Am 24.02.2018 um 00:38 hat Eric Blake geschrieben:
On 02/23/2018 11:05 AM, Kevin Wolf wrote:
Am 23.02.2018 um 17:43 hat Eric Blake geschrieben:
OFFSET_VALID | DATA might be excusable because I can see that it's
convenient that a protocol driver refers to itself as *file instead of
returning NULL there and then the offset is valid (though it would be
pointless to actually follow the file pointer), but OFFSET_VALID without
DATA probably isn't.
So OFFSET_VALID | DATA for a protocol BDS is not just convenient, but
necessary to avoid breaking qemu-img map output. But you are also right
that OFFSET_VALID without data makes little sense at a protocol layer. So
with that in mind, I'm auditing all of the protocol layers to make sure
OFFSET_VALID ends up as something sane.
That's one way to look at it.
The other way is that qemu-img map shouldn't ask the protocol layer for
its offset because it already knows the offset (it is what it passes as
a parameter to bdrv_co_block_status).
Anyway, it's probably not worth changing the interface, we should just
make sure that the return values of the individual drivers are
consistent.
Yet another inconsistency, and it's making me scratch my head today.

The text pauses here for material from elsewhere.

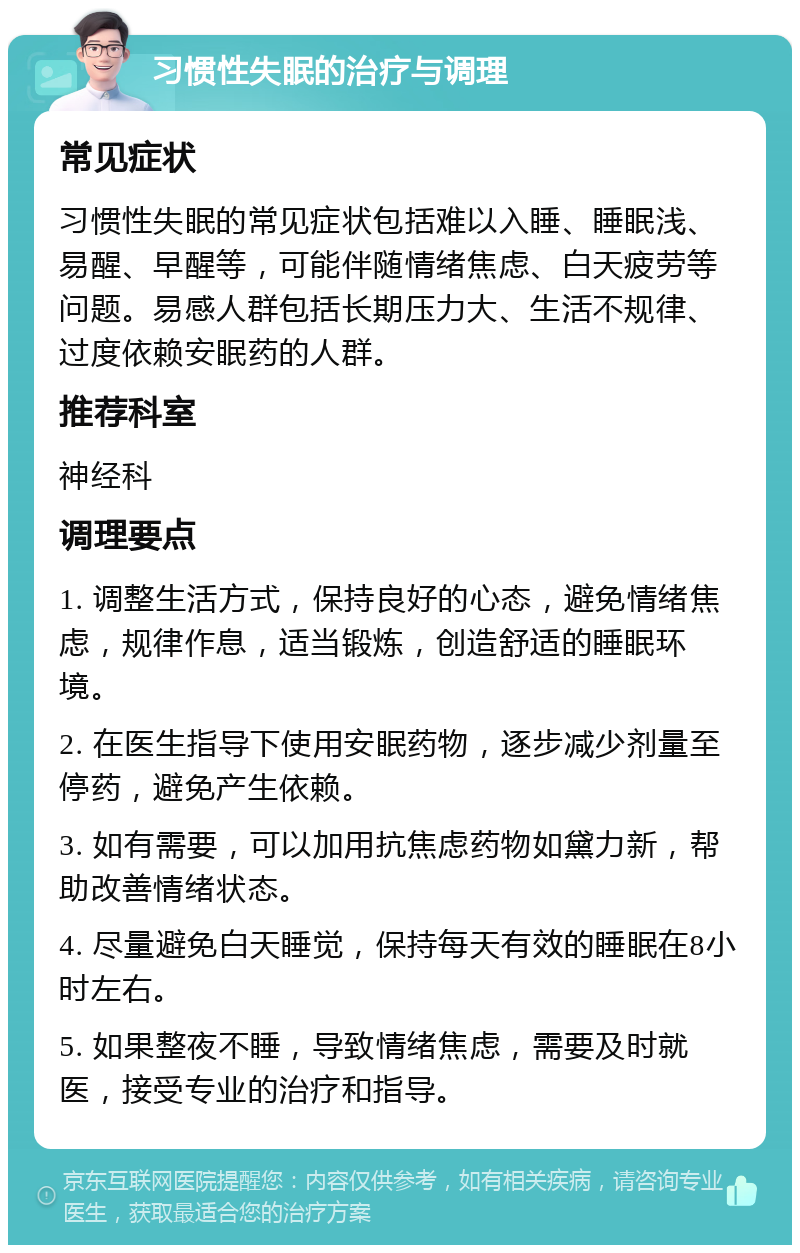 习惯性失眠的治疗与调理 常见症状 习惯性失眠的常见症状包括难以入睡、睡眠浅、易醒、早醒等，可能伴随情绪焦虑、白天疲劳等问题。易感人群包括长期压力大、生活不规律、过度依赖安眠药的人群。 推荐科室 神经科 调理要点 1. 调整生活方式，保持良好的心态，避免情绪焦虑，规律作息，适当锻炼，创造舒适的睡眠环境。 2. 在医生指导下使用安眠药物，逐步减少剂量至停药，避免产生依赖。 3. 如有需要，可以加用抗焦虑药物如黛力新，帮助改善情绪状态。 4. 尽量避免白天睡觉，保持每天有效的睡眠在8小时左右。 5. 如果整夜不睡，导致情绪焦虑，需要及时就医，接受专业的治疗和指导。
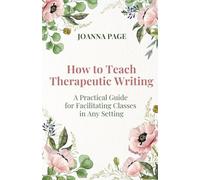How to Teach Therapeutic Writing: A Practical Guide for Facilitating Classes in Any Setting (Joanna Page)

By the way, in my byte-based stuff that is now pending on your tree, I tried
hard to NOT change semantics or the set of flags returned by a given driver,
and we agreed that's why you'd accept the series as-is and make me do this
followup exercise. But it's looking like my followups may end up touching a
lot of the same drivers again, now that I'm looking at what the semantics
SHOULD be (and whatever I do end up tweaking, I will at least make sure that
iotests is still happy with it).
Hm, that's unfortunate, but I don't think we should hold up your first
series just so we can touch the drivers only once.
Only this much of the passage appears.